Vertreter fast aller Fraktionen werteten die Arbeit der Kommission insgesamt als Erfolg. Es gehe nun vor allem darum, dass die Regierung die Ideen nicht in der Schublade verschwinden lasse, wie dies vielfach bei der Enquete-Kommission "Internet und digitale Gesellschaft" 2013 der Fall gewesen sei. Grüne und Linke monierten, dass das Gremium meist hinter verschlossenen Türen getagt und die Chance auf eine größere gesellschaftliche Debatte so verpasst habe.
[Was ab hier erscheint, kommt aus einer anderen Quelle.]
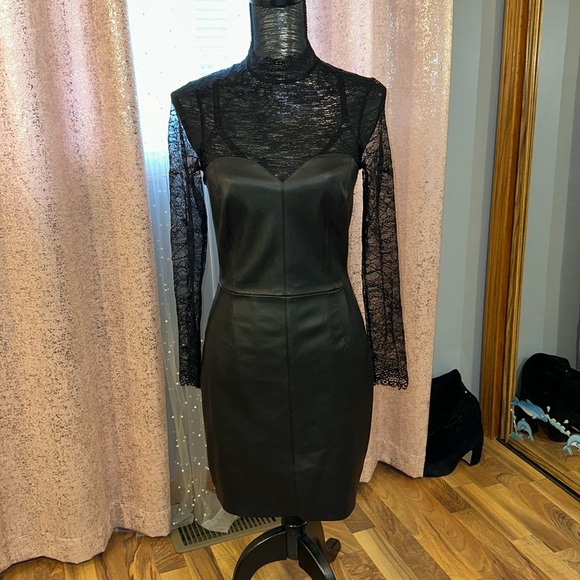 Zara Faux leather and Lace Dress - Picture 1 of 8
"Die gesellschaftspolitischen Kollateralschäden von KI-getriebenen sozialen Netzwerken und Medienplattformen erfahren im Bericht keine angemessen starke Gewichtung", bedauerten die Grünen-Mitglieder Anna Christmann und Dieter Janecek. Ein Kernproblem für die Demokratie sei so nicht hinreichend beleuchtet worden. Die Linke hat besonders viele Sondervoten abgegeben. Sie stimmte gegen die Kapitel zu Ethik sowie Wirtschaft und enthielt sich zum restlichen Teil.
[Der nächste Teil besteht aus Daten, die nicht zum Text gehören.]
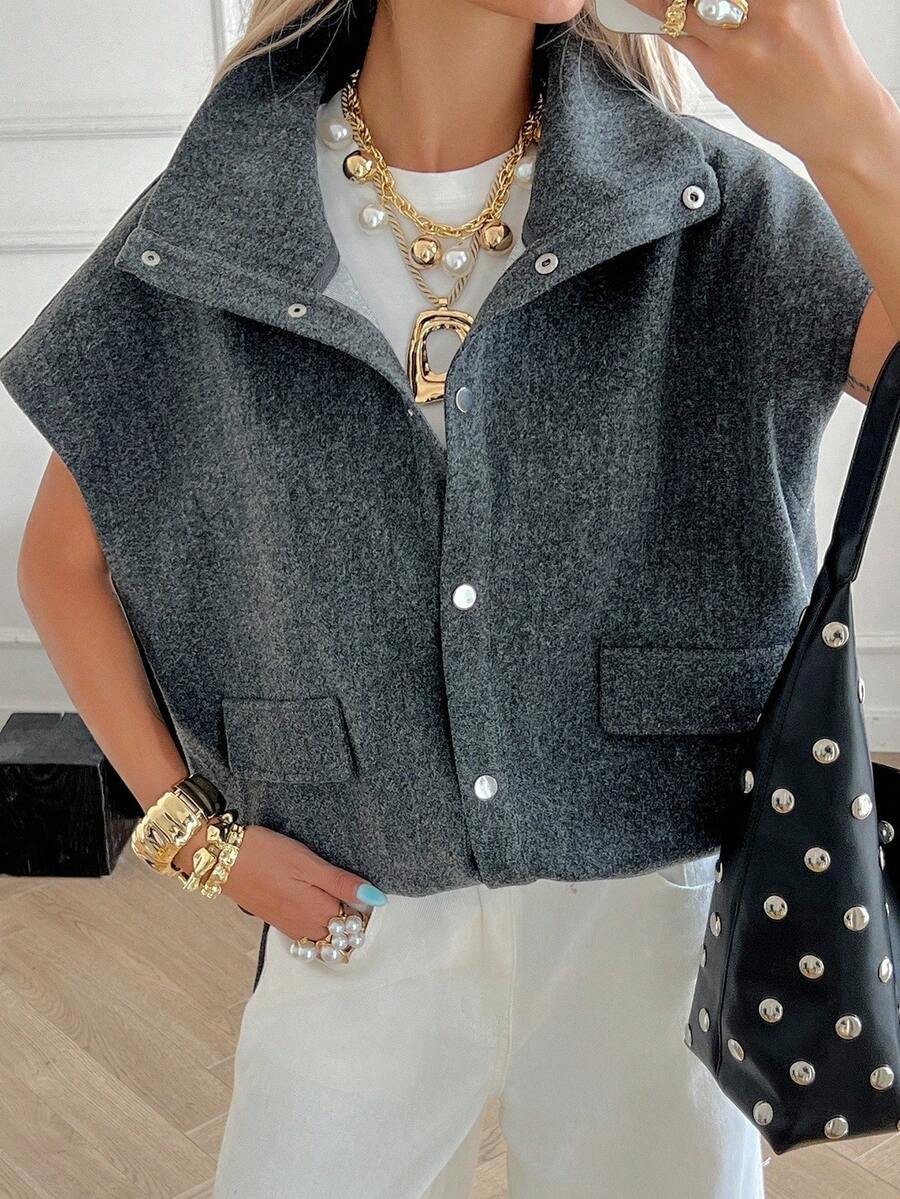 Livesso 女士无袖宽松休闲常规外套，秋季女士背心大衣 - 灰色 - 查看 1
Veröffentlicht hat die Kommission zunächst eine Kurzfassung ihrer Ergebnisse. Ebenfalls bereits verfügbar sind über die Homepage des Gremiums die vorläufigen Resultate der einzelnen Projektgruppen. Der gesamte Abschlussbericht soll zeitnah publiziert werden – ihm fehlt noch die offizielle Drucksachen-Nummer des Bundestags.